When Matt and I arrived at the restaurant (a buffet), I told him to go in and get what he wanted and then I would go in and get what I wanted. We had already bought the kids dinner earlier. Normally I just get both of ours, but he wanted to get some different things by himself this time. He mentioned that we should park in front of the store, lock the doors and go in together to get our food. I disagreed and said I would wait while he went in, so that is what we did.
The fact is though, that Joshua is 10 and is probably more than capable of watching his brothers for the few minutes that we would have been in the restaurant. So why did I say no? A year ago, I parked in front of the little country gas station in the town where my mom lived. Seriously, this town has one caution light and consists of a whole block.
Anyway, I parked there, took the keys and went in to quickly get the boys some juice for the ride home. It took all of two minutes, and I could see the boys the whole time. When I came out and was giving the boys their juice, the man that had been in line in front of me began to berate me and call me a horrible mother. That was the first and last time I ever left my kids in the car for even a second alone. At the time, I thought it was reasonable to believe that a 9 and 8 year old could sit with their younger brothers while I was watching them through the windows the whole time. It’s not like any of them were babies or even toddlers.
Did you know that in many states, the beginning age for a latchkey kid who stays home alone after school is only 8 years old? In other states it is 10 or 12 and in the majority of states there is no set age at all, leaving it up to the parents discretion. Just in our school zone, I know several 1st and 2nd graders who walk home alone and stay there by themselves until their parents get home. I think it is far more dangerous to leave young kids home alone where a predator could learn their routine and snatch them easily, than it is to leave children for just a few minutes, in a locked car where you can see them the whole time.
There is also the other side. Why not just take your kids inside with you in the first place? Well, if I had only one child, that would be a given. With four kids at the end of the a busy day when they are all fighting, it is an unneccesarry evil.

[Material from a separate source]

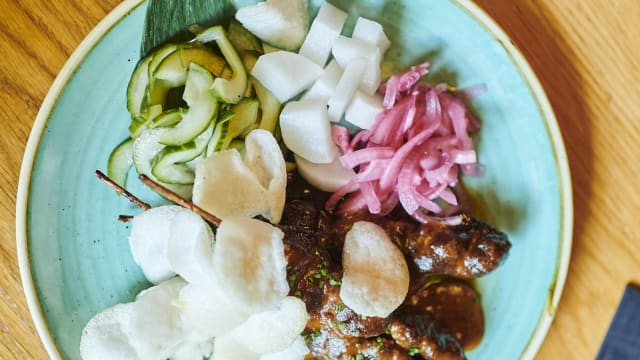 Indonesian chicken thigh saté – kroepoek – daikon – acar – satay sauce - Oslo Beers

It doesn’t matter though, because I would never consider leaving them for even a minute after what that man did to me.
What are your thoughts? Do you leave your child/children alone in the car for a second while you run into a gas station or restaurant for a minute? I am not talking about long periods of time here. Just trying to get some other perspective on the subject, because Matt thinks it is crazy that I wouldn’t trust a 10 year old in a car for a minute, but other people will let their children run around the neighborhood alone at a much younger age.